Perempuan tersebut di ikat di salah satu tiang, dengan perban di mulut, dan kain hitam di mata.
Rex melirik pada temannya. "Berapa lama pun tidak masalah Billy," dia mengeluarkan sebatang rokok dari kantung bajunya. "Asal apa yang kita inginkan bisa kita dapat." Ia memandang temannya yang terakhir. "Chris, mana zippo punyamu?"
Chris, mengambil sebuah korek api berbahan besi dari kantung celananya. "Nih." Dia melempar asal dan ditangkap oleh Rex.
Dalam kedipan mata, Naruto telah membuat sebuah rencana di otaknya.
Dia mengambil batu bata yang sudah hancur setengah. Pelan-pelan, ia melompat ke tepi dinding di atasnya.
Naruto menunggu salah satu pria menjauhi lampu, sebelum melempar bata di genggamannya dan menghancurkan lampu dalam proses.
Ketiga polisi penculik itu berteriak dalam kegelapan, sedangkan Naruto memutar kedua bola matanya. 'Dasar mental bayi.'
Rex menarik pistol dari pinggangnya. "Tunjukkan dirimu!" Paksanya. Berusaha berani, tapi badannya bergetar.

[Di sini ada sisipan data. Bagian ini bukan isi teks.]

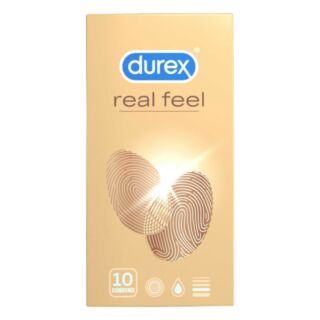 Durex Real Feel - bezlatexové kondómy (10 ks)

Naruto melompat ke atap dinding yang lain, dan gerakannya membuat jatuhnya batu bata. Para polisi penculik gelisah dan mengarahkan pistolnya ke arah jatuhnya batu bata.
Tanpa suara, Naruto mendarat di belakang mereka.
Dia mencengkram bagian kepala Billy, lalu menariknya hingga lepas dari raganya.
*Crack!*
"S-suara a-apa i-itu?" Tanya Chris.
*Bruk!"
Rex merasakan suatu benda di kakinya. Dia menggunakan zippo untuk mendapat penerangan.
Dia mengangkat benda tersebut, sedetik kemudian ia berteriak histeris.
"AAAAAAAAAAAAA"
Yang dia pegang, adalah kepala temannya dengan mata melotot dan rahang terbuka.
Memanfaatkan momen, Naruto menusuk leher Chris dengan Risemear, tidak memberikan kesempatan untuk bergerak; dia akhiri hidupnya dengan membelah kepalanya menjadi dua bagian.
Rex menembak asal ke seluruh ruangan. "Fuck you! *Bang!" *Bang!" *Bang!" "Bang!" "Bang!" "Bang!" "Click!" *Click!*"
Pelurunya habis bersamaan dengan kegiatannya yang terhenti, dia memandang ke bawah dan melihat pedang hitam menancap di dadanya.
"A-ap—"
"Sampaikan salam dariku untuk Hades."
"T-tungg—"
*Jrrash!*
Naruto memotong semua organ dalam milik Rex, dalam satu kali tebasan.
"Apapun yang kau perbuat, apapun yang kau lakukan. 'Tia' akan selalu mendukungmu. Tidak peduli hal itu baik, maupun hal itu buruk."
Naruto melangkah ke si anak perempuan, dia berjongkok dan melepaskan ikatan, kain, dan perban; yang melekat pada wajah.
Setelah selesai, anak perempuan itu membuka mata dan berkedip beberapa kali, memperlihatkan mata yang kemerahan seperti habis menangis.
"S-siapa kau?" Tanyanya parau dan sedikit ketakutan.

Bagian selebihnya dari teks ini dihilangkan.